Dito e feito. Da eleição à posse, Donald Trump não deixou de lado sequer um minuto seu figurino belicista, de mal com o mundo, que adotou ainda em campanha. Na semana passada, após vários outros lances de confronto aberto, o chefe da nação mais rica do planeta passou a rasgar contratos. Os EUA assumiram com ele um protecionismo exacerbado após oito décadas de liberalização contínua de mercado. Ninguém acreditava de fato que Trump cumprisse as ameaças. Mas a julgar pelo que fez com o maior acordo global de negócios, a Parceria Transpacífico (TPP), que reunia ao menos 11 países da Europa à América Latina, e que foi parar na lata do lixo, muito mais pode estar por vir.

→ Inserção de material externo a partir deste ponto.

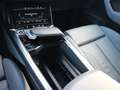 Audi e-tron 55 quattro S line ACC*360°*B&O Blau - thumbnail 16
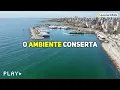 🙏 Isaías Saad | Eu Só Quero Adorar, Bondade de Deus e As Mais Tocadas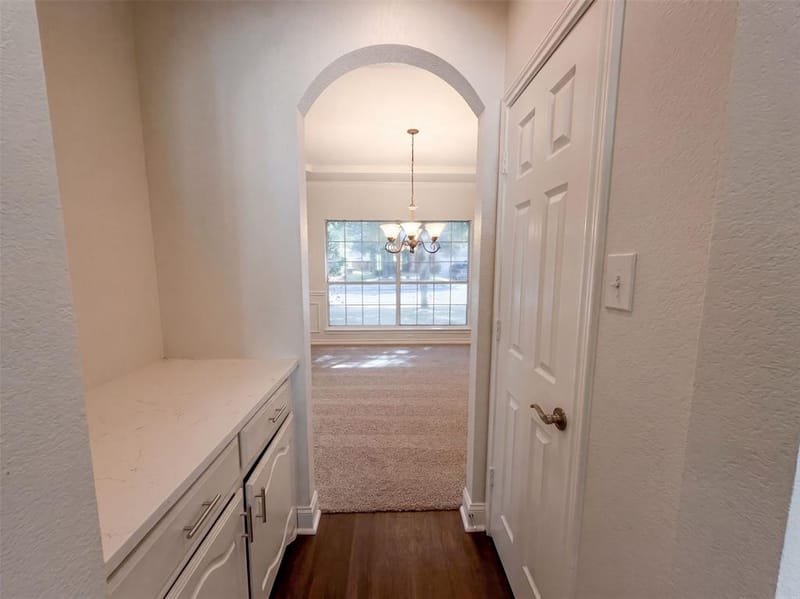 1803 High Meadow Street, Glenn Heights TX 75154 - Photo 12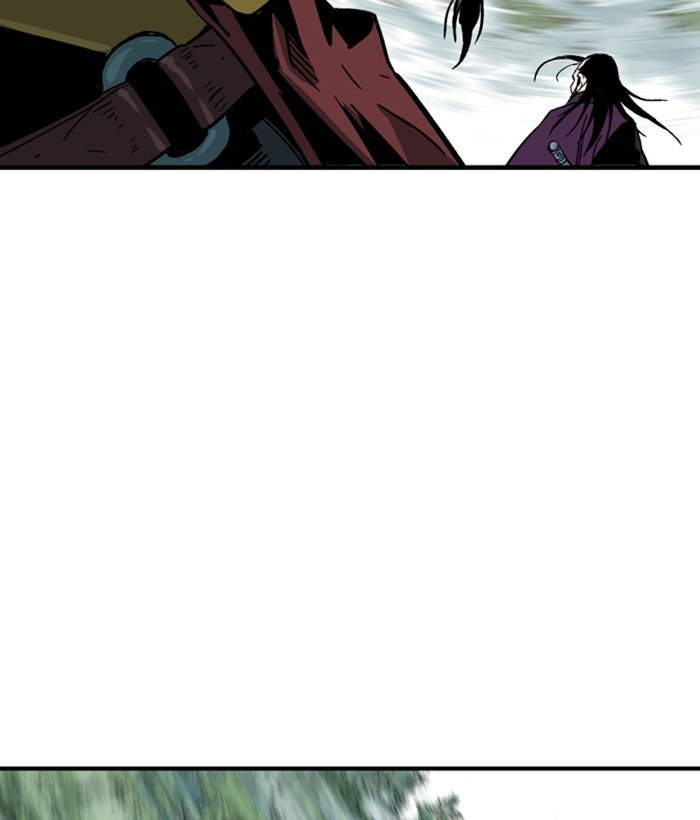 Page 114 of Chapter 173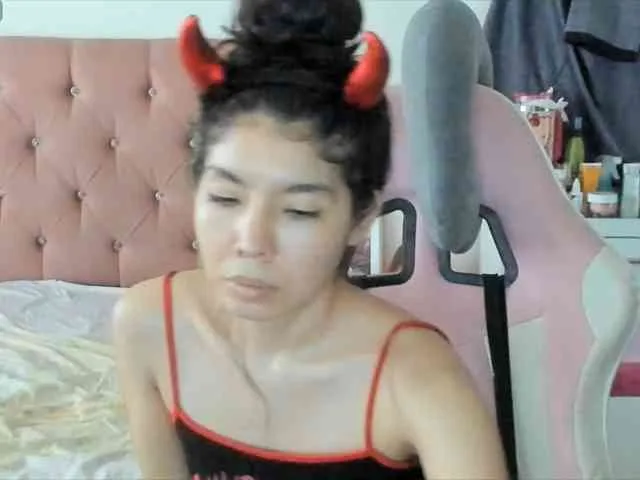 angel777d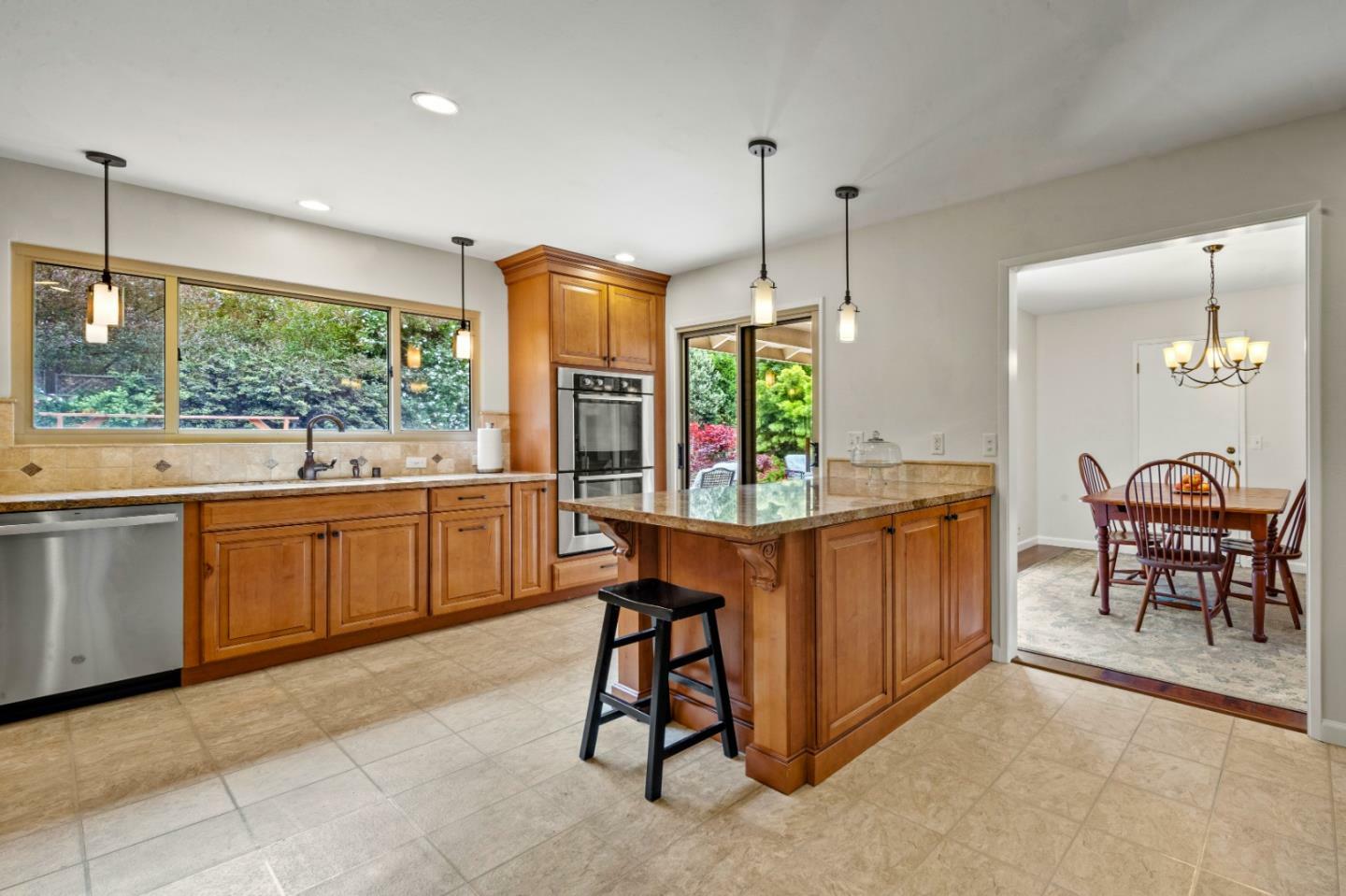 Property Photo: 2811 Forest Lodge Road CA 93953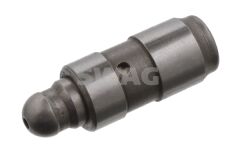 PİYANO TUŞU SUBAP İTİCİ P307 2.0HDİ P308 EXPERT VOLVO S40 2.0D V70 III S80 CMAX MONDEO FOCUS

Trump foi Trump ao dizer com todas as letras que além de rejeitar e refazer acordos comerciais “falidos” irá reprimir com todos os instrumentos os “abusos” de nações até então parceiras. Acha pouco? O acordo do Nafta está na mira. México e Canadá, tradicionais aliados, sofrem como nunca na história do relacionamento com os americanos. Trump confirmou o muro da vergonha na fronteira, ao custo de US$ 40 bilhões, e ainda exigiu que os mexicanos paguem pela obra. Como não teve, obviamente, receptividade à demanda, sugeriu o cancelamento do encontro que teria nos próximos dias com o presidente daquele país. Trump, em poucas horas de Casa Branca, foi capaz de armar o caos nas relações comerciais do mundo. Todos estão ainda a discutir como proceder daqui para frente.

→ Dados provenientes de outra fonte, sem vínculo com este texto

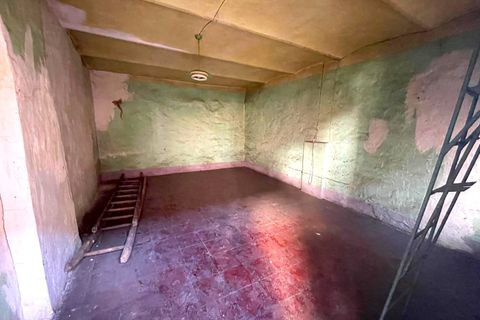 Byhus i Cirie, Turin, Cirie - € 44.000 | Ref: 002CAVOUR - foto 11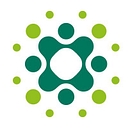 Institute of Customer Service logo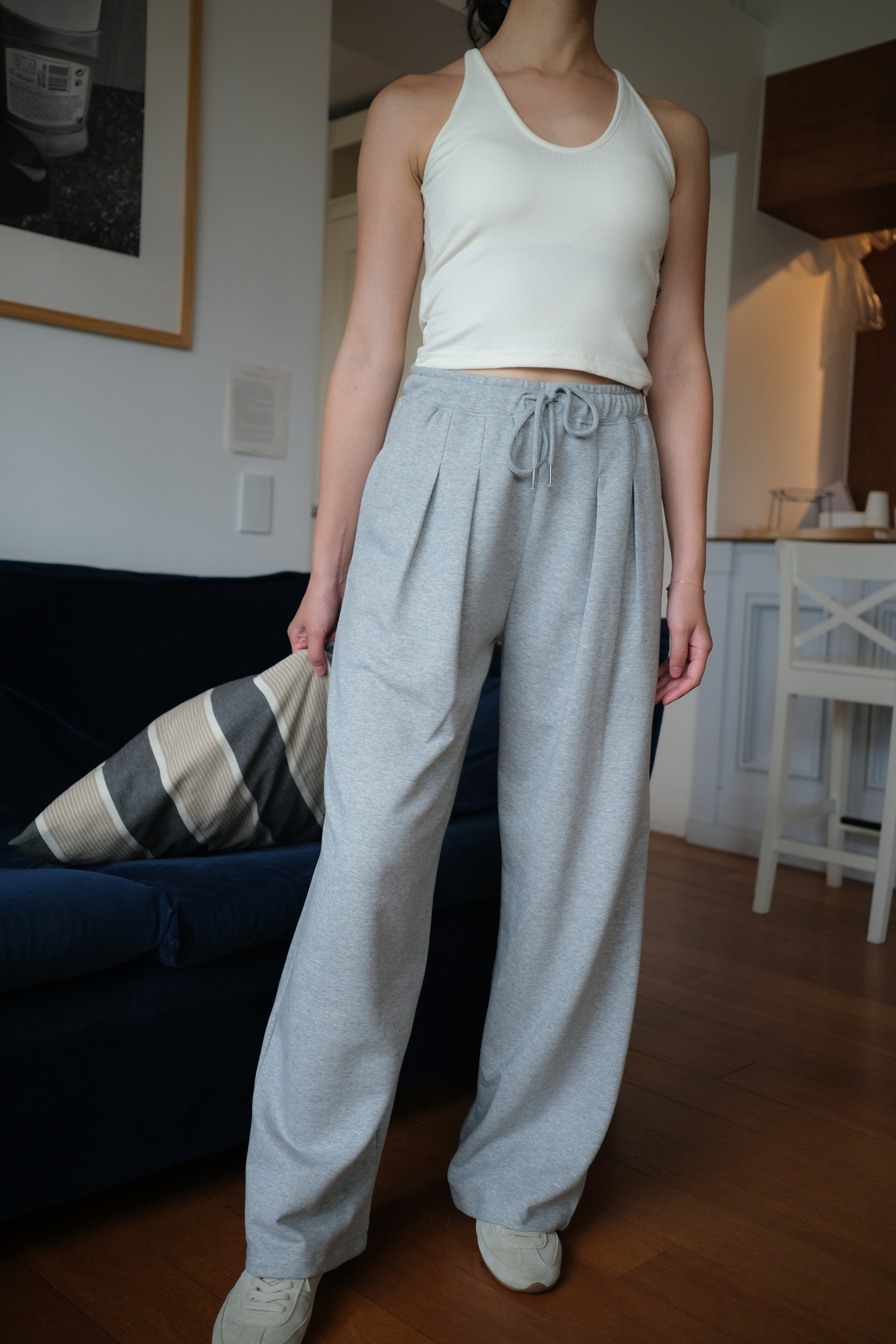 image_6C043EF9-4FA7-480A-BB0E-77DE8CBE96FB_1752496794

Trump faz do retrocesso sua marca e os reflexos negativos, por ironia do destino, podem recair justamente sobre seus conterrâneos. Analistas apontam que, no médio e longo prazo, o fim de acordos como o TPP e o Nafta deve provocar o aumento do desemprego e dos preços no mercado americano. Justamente o problema que Trump diz combater. Como num reality show, repleto de pirotecnias, o novo líder do mundo livre atua sem script. Muitos acham que de um momento para o outro ele descerá do palco. Demitido. Mas, no momento, Trump segue como a mais tenebrosa e inesperada realidade. Mesmo os concidadãos estão estupefatos com tantas derrapagens logo de saída e começam a exprimir preocupação na forma de protestos nas ruas. Trump ameaça empresas, ameaça à imprensa, ameaça países. Ameaça qualquer um que se interponha a seus objetivos.

Nessa toada, logo poderá se ver isolado e, o que é pior, empurrando os EUA para um novo e sofrido período de trevas, como aconteceu nos idos de 2008. O Brasil, paradoxalmente, tem chances até de se beneficiar nessa escalada revisionista de Trump. Por não participar de nenhum dos acordos comerciais alvos da fúria do presidente americano, viu abrir na sua frente uma avenida de oportunidades. Autoridades locais já alinhavam futuros entendimentos para avançar sobre os espaços deixados pelos demais. De todo modo, não é nada alvissareira a hipótese do atual ocupante da Casa Branca travar a globalização para atender a seus caprichos nacionalistas, pseudo-patrióticos, de caráter meramente revanchista. Muitos estão agora a se indagar: o que é isso, Mr. Trump?